■ **SUPPLIED DATA**:

···

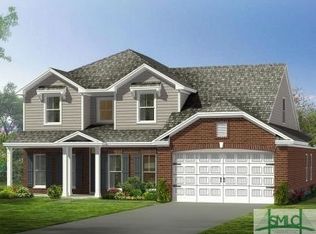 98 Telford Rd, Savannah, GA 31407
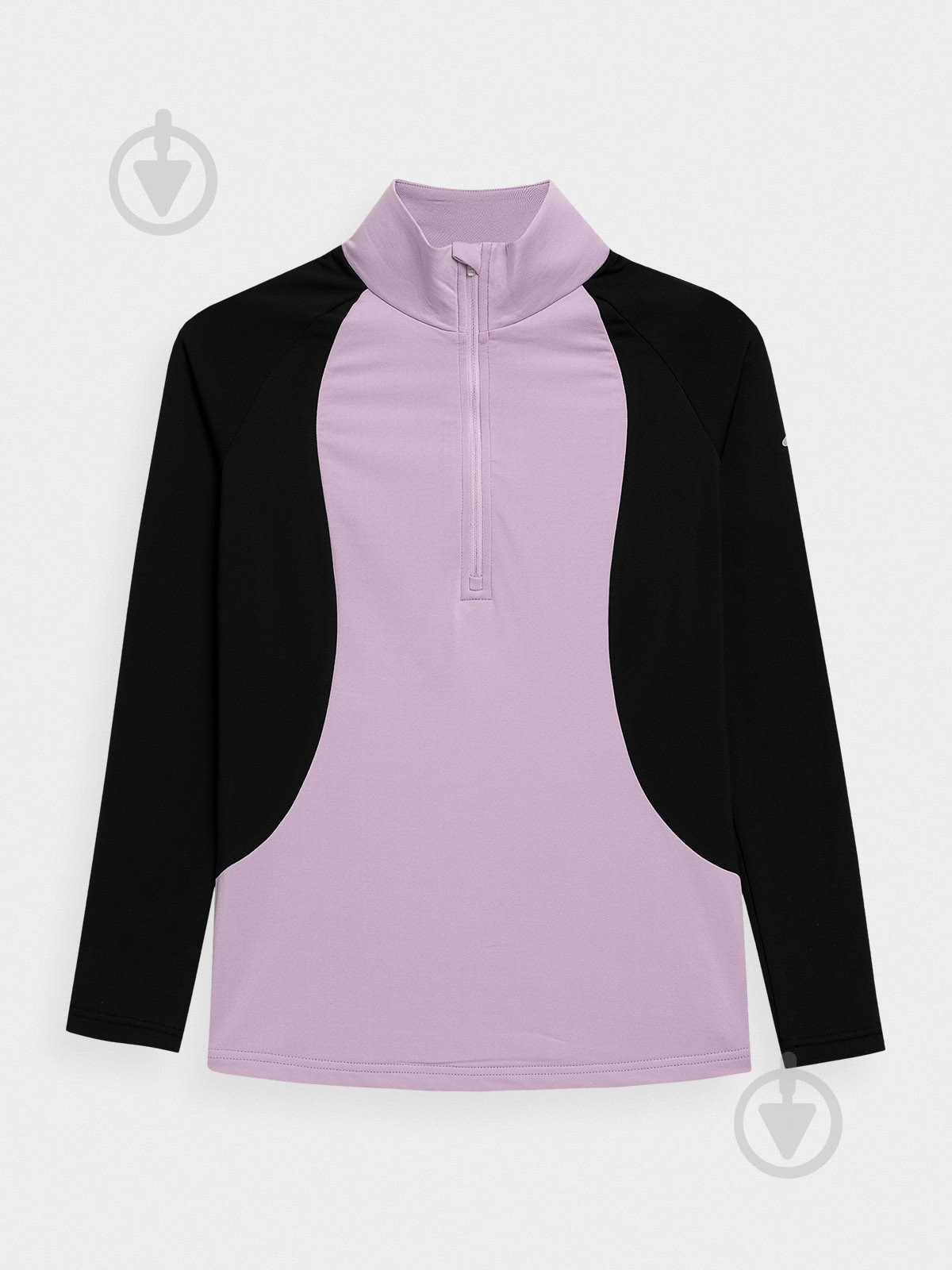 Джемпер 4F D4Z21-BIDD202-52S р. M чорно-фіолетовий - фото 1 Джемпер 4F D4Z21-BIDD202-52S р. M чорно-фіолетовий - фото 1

···

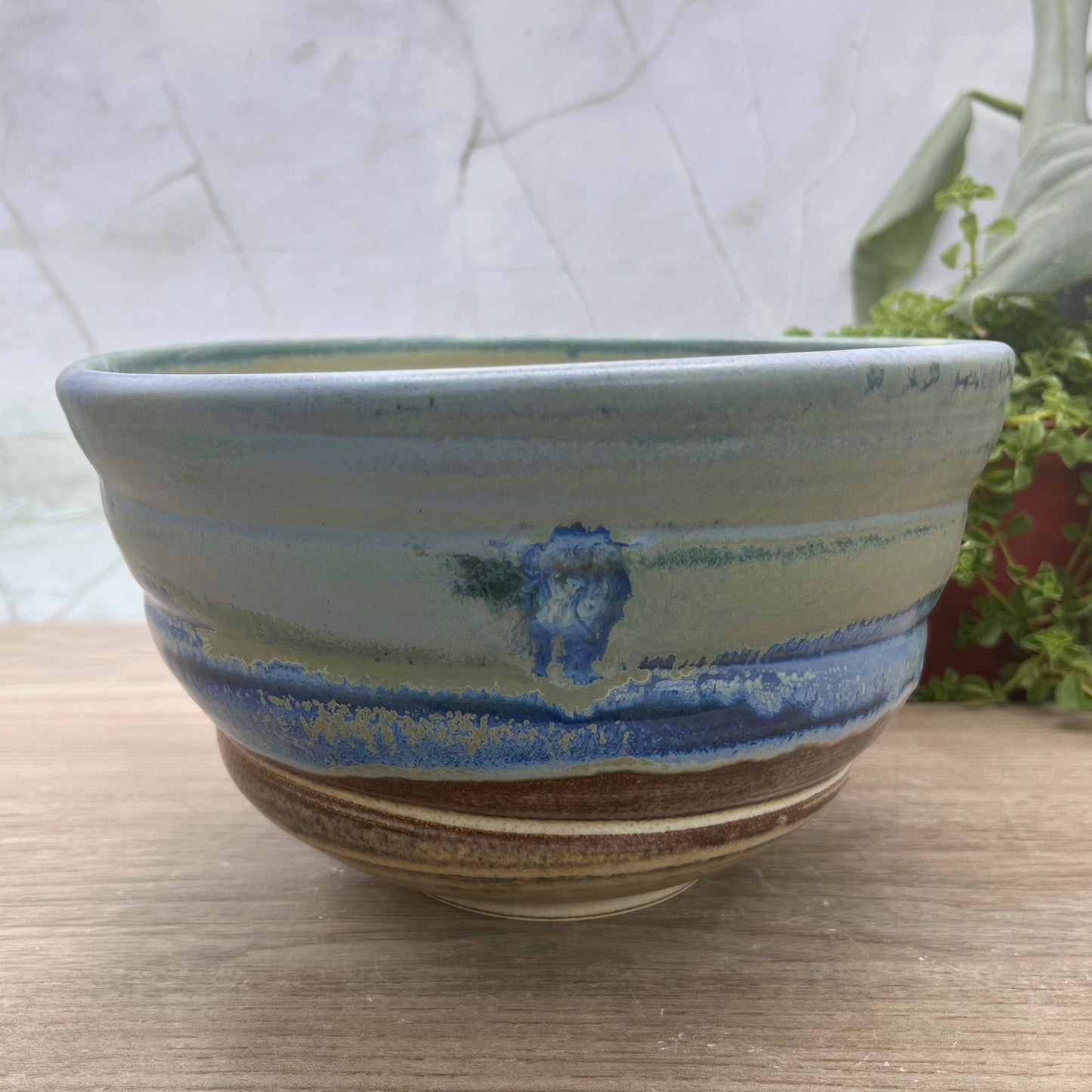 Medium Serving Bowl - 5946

···

■ **EXERCISE PROMPT**: Each line above from the one containing "98 Telford Rd, Savannah, GA 31407" through the one containing "фото 1 Джемпер" is to be returned verbatim. Nothing else, and no pictures.

■ **EXERCISE RESULT**:
 98 Telford Rd, Savannah, GA 31407
 Джемпер 4F D4Z21-BIDD202-52S р. M чорно-фіолетовий - фото 1 Джемпер 4F D4Z21-BIDD202-52S р. M чорно-фіолетовий - фото 1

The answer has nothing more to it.